Pamela Benítez

Personal information
- Full name: Alexia Pamela Benítez Quijada
- Nationality: El Salvador
- Born: May 9, 1991 (age 35)
- Height: 1.65 m (5 ft 5 in)
- Weight: 57 kg (126 lb)

Sport
- Sport: Swimming
- Strokes: Freestyle
- Club: Aquatica El Polvorín

Medal record
Women's swimming
Representing El Salvador
Central American and Caribbean Games
| Bronze medal – third place | 2006 Cartagena | 200m Freestyle |
| Bronze medal – third place | 2006 Cartagena | 4x200m Freestyle Relay |
| Bronze medal – third place | 2010 Mayagüez | 200m Freestyle |
| Bronze medal – third place | 2010 Mayagüez | 400m Freestyle |
| Bronze medal – third place | 2010 Mayagüez | 800m Freestyle |

= Pamela Benítez =

Salvadoran swimmer (born 1991)

Pamela Benítez (born May 9, 1991) is a female swimmer from El Salvador.

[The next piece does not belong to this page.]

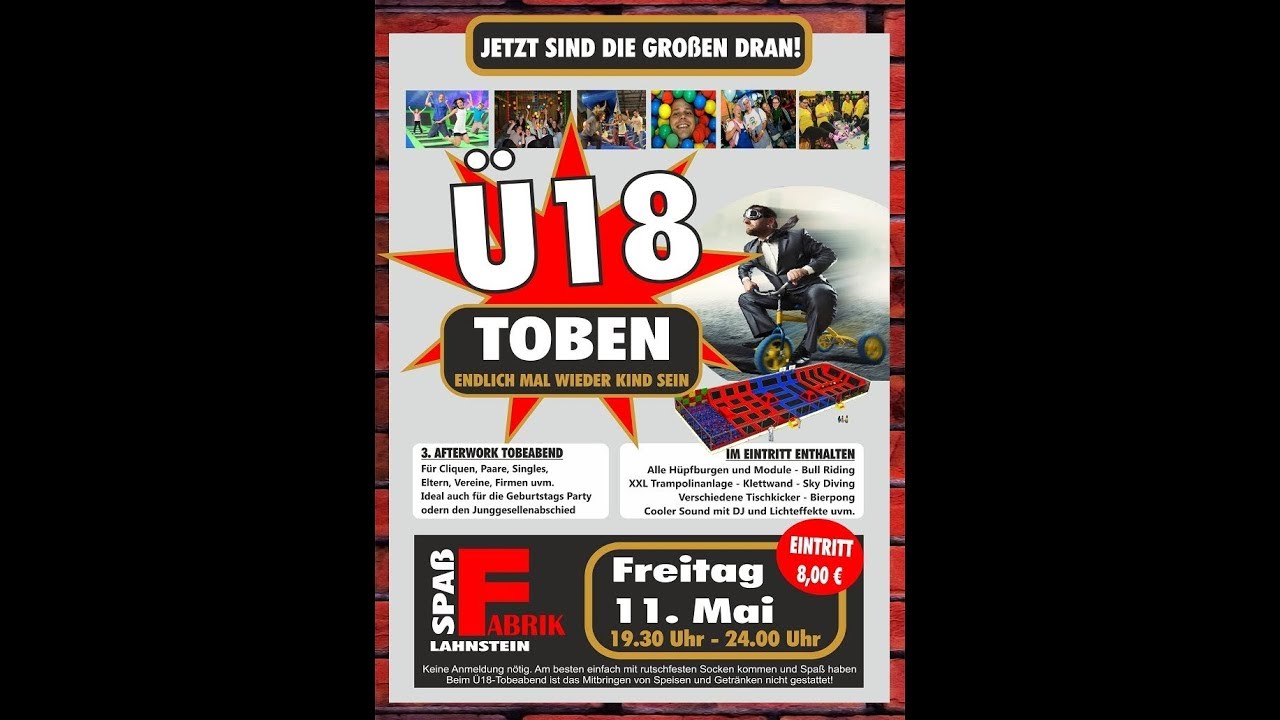 Ü 18 Toben Spaßfabrik Lahnstein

She was the country's flagbearer in the Open Ceremonies of the 2010 Central American and Caribbean Games.

She has swum for El Salvador at the:
- World Championships: 2007 and 2009
- Pan American Games: 2007
- Central American & Caribbean Games: 2006 and 2010

At the 2010 Central American and Caribbean Games, she won three bronze medals (in the 200, 400 and 800 freestyles).

At the 2010 Central American Games, she was El Salvadores' most decorated athlete, winning 8 gold medals.

She joined the Southern Illinois Salukis swimming team for the Spring 2012 season and inspired all. She won 12 of her first 13 races and was a Missouri Valley Conference first-team All-Conference selection.

Benitez represented El Salvador in the 2012 London Olympic Games, swimming the 800-meter freestyle.